More children in Milwaukee County dying from opioids; 'A preventable death'

MILWAUKEE -- A lethal substance is killing children in Milwaukee County.

Sara Schreiber

"It's always tough to do a child case," said Sara Schreiber, Forensic Technical Director of Toxicology at the medical examiner's office.

Through testing, officials have discovered more children are dying from opioids.

"You're investigating somebody's death that was a preventable death," Schreiber said.

Testing at Milwaukee County Medical Examiner's Office

Testing at Milwaukee County Medical Examiner's Office

From 2015 to 2018, nine children died from opioids in Milwaukee County. That compares to only four infants who died from opioids the four years before that.

"This number is definitely increasing and we're seeing a greater focus on these," Schreiber said.

Schreiber said this increase is due to the availability of drugs.
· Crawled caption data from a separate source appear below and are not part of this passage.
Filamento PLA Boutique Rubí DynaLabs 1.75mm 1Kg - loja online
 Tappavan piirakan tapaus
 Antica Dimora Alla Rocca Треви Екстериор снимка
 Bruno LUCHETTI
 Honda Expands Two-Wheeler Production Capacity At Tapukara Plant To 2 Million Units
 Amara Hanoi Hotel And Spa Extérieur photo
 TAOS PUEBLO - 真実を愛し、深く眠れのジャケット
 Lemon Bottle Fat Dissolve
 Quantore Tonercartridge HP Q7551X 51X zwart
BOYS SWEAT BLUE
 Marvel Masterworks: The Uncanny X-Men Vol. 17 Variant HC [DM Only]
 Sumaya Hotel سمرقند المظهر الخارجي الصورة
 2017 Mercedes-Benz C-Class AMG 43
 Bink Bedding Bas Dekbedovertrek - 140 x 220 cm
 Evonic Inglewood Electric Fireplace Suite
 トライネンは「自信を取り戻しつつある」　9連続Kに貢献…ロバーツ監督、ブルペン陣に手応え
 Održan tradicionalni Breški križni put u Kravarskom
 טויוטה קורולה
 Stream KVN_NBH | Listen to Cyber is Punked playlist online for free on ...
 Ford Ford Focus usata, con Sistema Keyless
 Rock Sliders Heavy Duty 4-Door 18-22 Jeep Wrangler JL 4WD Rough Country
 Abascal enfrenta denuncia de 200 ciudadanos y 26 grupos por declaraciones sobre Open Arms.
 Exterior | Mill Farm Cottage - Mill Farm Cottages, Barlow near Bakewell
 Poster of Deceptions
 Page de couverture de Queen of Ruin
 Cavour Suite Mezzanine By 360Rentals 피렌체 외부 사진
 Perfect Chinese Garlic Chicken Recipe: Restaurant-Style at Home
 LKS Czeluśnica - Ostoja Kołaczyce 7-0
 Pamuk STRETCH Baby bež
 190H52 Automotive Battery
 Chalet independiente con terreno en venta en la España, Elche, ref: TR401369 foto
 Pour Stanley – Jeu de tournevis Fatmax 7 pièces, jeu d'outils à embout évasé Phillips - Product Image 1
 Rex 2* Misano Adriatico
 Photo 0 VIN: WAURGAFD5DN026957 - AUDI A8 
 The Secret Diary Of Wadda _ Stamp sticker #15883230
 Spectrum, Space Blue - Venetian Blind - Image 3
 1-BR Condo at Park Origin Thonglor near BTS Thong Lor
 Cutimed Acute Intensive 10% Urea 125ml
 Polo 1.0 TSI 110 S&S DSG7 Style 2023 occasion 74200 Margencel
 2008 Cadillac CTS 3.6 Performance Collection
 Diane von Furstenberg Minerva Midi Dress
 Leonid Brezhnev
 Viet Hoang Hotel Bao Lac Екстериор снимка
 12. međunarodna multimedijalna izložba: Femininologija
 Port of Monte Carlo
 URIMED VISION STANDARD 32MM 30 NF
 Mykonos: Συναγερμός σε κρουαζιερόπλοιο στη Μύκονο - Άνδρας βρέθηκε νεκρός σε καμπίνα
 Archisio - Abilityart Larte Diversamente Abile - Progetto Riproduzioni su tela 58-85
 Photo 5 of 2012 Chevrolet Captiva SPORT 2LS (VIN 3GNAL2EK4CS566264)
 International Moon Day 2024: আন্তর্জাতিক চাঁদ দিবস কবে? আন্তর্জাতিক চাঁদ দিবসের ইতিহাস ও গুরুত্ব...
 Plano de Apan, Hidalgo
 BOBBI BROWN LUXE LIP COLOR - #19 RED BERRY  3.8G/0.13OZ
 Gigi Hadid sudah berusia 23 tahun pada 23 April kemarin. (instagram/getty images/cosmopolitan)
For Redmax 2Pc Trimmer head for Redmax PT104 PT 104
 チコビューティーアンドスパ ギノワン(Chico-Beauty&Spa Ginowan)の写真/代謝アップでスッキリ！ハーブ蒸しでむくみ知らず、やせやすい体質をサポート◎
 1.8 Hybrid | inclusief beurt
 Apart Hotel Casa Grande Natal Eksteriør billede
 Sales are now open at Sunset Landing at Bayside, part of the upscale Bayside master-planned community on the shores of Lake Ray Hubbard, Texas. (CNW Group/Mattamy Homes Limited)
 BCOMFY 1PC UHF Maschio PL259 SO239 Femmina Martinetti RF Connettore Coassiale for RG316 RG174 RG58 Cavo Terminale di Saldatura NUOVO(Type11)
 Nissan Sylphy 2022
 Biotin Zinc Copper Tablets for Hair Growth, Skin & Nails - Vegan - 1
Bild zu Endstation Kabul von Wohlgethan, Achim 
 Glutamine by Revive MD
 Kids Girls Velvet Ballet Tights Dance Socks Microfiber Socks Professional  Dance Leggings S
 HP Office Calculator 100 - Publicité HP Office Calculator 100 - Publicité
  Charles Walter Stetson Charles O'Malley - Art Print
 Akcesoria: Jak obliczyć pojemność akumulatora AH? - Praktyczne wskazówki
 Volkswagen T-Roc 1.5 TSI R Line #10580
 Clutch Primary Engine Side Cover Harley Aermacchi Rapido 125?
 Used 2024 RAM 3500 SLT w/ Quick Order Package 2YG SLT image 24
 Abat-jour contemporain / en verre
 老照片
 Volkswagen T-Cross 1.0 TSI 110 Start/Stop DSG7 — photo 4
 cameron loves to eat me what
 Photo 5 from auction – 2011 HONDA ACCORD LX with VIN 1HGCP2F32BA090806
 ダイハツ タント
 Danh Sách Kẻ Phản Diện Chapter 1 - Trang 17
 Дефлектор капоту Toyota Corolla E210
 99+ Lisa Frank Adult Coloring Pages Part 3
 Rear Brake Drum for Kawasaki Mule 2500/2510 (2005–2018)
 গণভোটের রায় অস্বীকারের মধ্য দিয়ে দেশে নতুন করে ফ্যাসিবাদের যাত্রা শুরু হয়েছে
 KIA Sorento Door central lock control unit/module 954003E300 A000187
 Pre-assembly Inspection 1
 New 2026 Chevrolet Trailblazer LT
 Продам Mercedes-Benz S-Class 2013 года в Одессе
"More drugs are being prescribed. More drugs are available in the home. It's easier for individuals to accidentally get exposed to them," Schreiber said.

In February 2016, initial reports showed a 1-year-old girl died from co-sleeping near 15th and Atkinson. But months later, the toxicology report revealed the child died from "acute methadone intoxication" -- or opioids.

"Often times, all we know when the body gets here is the drug within the blood; within the tissue of that child," Schreiber said. "That can speak to their cause of death, but can't necessarily speak to the manner."

In January 2017 near 41st and Hadley, reports revealed a 2-year-old boy accidentally ingested his mother's oxycodone pills after officials found "loose pills" in his brother's bedroom.

"These drugs are deadly substances and should be treated as such. They need to be locked up. They need to be protected just as you would any other dangerous substance in your home," Schreiber said.

Young children often pick these pills up and eat them. When they chew it, it releases the drug all at once -- which can have fatal consequences.

Of all the infant deaths dating back to 2010, none have been connected to any schedule one drugs -- such as marijuana, heroin or cocaine.